Posts Tagged With: Erazim Kohák

Ancestors and Descendants

The Embers and the Stars by Erazim Kohák is one of my all time favourite books.   It is not light reading.  It is dense and hard to get through, but beautiful, lyrical, life changing, and worth all the effort.  This book certainly impacted me in ways that I never once expected.*

With this book in mind as it always is, in the morning, I woke up thinking about forest.  Specifically about the hickory trees that I hope to keep safe on my land, then I thought about big Bonny tree, the giant oak that my grandmother would have walked under on her way to school.

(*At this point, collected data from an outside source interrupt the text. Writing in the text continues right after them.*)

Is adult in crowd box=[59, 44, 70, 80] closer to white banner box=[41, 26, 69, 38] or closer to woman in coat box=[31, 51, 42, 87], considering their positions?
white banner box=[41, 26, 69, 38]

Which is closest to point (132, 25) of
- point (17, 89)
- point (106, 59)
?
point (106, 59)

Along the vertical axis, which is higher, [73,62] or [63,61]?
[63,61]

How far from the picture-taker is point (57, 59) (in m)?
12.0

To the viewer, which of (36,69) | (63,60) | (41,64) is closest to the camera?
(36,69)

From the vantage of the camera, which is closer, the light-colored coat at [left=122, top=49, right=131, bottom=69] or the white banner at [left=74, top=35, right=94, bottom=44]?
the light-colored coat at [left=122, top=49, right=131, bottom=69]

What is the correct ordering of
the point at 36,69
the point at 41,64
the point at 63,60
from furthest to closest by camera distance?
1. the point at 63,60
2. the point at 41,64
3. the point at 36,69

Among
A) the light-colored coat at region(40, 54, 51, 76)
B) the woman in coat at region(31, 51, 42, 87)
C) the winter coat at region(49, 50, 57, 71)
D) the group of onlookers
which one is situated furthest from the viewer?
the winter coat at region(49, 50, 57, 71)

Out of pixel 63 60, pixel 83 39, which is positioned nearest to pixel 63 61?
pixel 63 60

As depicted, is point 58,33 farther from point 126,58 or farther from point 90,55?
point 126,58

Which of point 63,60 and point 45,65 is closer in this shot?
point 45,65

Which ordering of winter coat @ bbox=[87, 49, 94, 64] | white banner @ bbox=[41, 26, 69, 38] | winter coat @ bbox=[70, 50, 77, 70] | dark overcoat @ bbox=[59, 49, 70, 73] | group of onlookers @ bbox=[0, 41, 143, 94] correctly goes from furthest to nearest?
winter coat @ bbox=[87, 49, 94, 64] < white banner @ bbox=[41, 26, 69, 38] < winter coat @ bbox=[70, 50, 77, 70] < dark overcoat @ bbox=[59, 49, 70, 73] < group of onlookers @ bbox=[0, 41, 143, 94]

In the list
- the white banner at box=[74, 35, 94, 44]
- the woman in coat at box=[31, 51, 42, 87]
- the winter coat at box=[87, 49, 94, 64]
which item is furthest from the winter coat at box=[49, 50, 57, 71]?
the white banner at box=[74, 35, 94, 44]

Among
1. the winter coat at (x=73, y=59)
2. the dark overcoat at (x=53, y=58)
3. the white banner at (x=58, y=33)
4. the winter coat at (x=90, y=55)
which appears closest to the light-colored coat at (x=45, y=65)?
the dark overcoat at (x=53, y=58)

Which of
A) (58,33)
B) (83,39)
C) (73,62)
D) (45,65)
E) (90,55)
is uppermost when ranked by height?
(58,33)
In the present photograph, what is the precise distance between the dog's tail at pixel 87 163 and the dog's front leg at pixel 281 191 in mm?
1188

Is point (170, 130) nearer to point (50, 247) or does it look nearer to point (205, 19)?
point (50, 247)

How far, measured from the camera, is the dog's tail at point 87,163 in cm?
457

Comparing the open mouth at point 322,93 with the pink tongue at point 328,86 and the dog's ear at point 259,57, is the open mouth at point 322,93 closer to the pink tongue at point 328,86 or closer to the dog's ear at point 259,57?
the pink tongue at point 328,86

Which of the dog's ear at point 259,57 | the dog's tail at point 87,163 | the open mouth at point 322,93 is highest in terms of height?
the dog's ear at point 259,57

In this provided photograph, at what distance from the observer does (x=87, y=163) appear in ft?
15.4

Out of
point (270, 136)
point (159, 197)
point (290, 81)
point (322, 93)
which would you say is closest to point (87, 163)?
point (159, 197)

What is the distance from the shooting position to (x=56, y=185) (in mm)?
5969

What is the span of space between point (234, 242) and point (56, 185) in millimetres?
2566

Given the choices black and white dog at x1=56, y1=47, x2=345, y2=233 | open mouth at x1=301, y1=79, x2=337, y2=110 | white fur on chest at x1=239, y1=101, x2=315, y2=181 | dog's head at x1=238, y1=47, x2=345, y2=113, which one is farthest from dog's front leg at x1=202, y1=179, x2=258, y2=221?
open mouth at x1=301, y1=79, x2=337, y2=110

My thoughts then brought me way back to the Irish family who first settled here pushing out my native ancestors and their long history by shaming it away and marrying in.  It was not so much the natives that I was thinking about.  Sadly and honestly, because I know little about the natives, the history for them is vague and sporadic like a dream of better and harder days.    It is the settlers who I know, and understand.

I thought about my original Dixon (also spelled Dickson) family, because it was the settlers who brought land ownership with them.  Specifically I thought back 162 years to the time when Robert Dixon, took up a land patent for this land in 1850*.  I also thought about his descendants, too my ancestors, who walked this land working it and planning for it, just as I work and plan today.

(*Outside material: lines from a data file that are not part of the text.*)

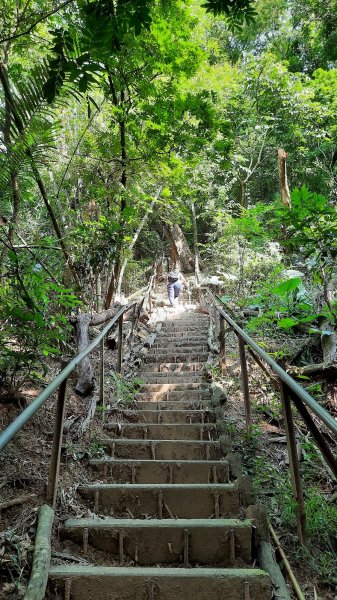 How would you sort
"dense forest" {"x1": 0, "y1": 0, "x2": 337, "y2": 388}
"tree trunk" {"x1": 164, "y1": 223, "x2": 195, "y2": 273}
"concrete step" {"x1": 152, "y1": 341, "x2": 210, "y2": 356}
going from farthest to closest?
1. "tree trunk" {"x1": 164, "y1": 223, "x2": 195, "y2": 273}
2. "concrete step" {"x1": 152, "y1": 341, "x2": 210, "y2": 356}
3. "dense forest" {"x1": 0, "y1": 0, "x2": 337, "y2": 388}

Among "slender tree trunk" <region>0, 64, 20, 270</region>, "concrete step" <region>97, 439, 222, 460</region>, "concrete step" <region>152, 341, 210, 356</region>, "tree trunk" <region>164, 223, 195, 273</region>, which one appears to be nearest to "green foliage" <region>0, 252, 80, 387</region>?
"slender tree trunk" <region>0, 64, 20, 270</region>

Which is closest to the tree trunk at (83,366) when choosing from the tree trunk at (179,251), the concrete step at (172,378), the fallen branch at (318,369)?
the concrete step at (172,378)

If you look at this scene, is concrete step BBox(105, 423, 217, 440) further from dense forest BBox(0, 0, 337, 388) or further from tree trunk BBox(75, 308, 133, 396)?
dense forest BBox(0, 0, 337, 388)

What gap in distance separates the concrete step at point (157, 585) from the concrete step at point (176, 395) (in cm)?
303

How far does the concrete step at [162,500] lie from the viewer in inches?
103

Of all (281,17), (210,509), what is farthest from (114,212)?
(281,17)

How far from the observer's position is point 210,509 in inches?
103

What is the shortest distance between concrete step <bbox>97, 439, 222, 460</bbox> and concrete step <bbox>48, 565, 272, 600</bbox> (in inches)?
60.4

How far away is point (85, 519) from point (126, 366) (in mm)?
A: 3403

A funny thing is that work is easy and planning is not at all.  Planning is complicated.  You see, I suspect that Robert Dixon had great plans in mind, when he divided his land at his death.  It was left to his boys; girls out of the equation, including his wife Alice (who was inherited, like a cow to be managed by her sons).  Great, great, great Grandpa Dixon would not have imagined that it would be a sixth generation granddaughter (GGG granddaughter) who would be the keeper of it.  I don’t believe that he could have fathomed that my G uncle Lewellyn (G grandma Caroline’s brother) would lose his 50 acre share in 1943 because of a $2500 loan he took and could not pay during great depression.  Old GGG Grandpa Dixon, could not have imagined that the wonderful neighbours, the Miller family would buy that land and continue calling it “The Dixon Farm” even to today.  He could not possibly have known, when he set his plans, that the Miller descendant would be thrilled to see it in the “Dixon” hands once more.  More over, I expect that the biggest thing that he could never have imagined is that a woman would be the one who is interested in planning for it now.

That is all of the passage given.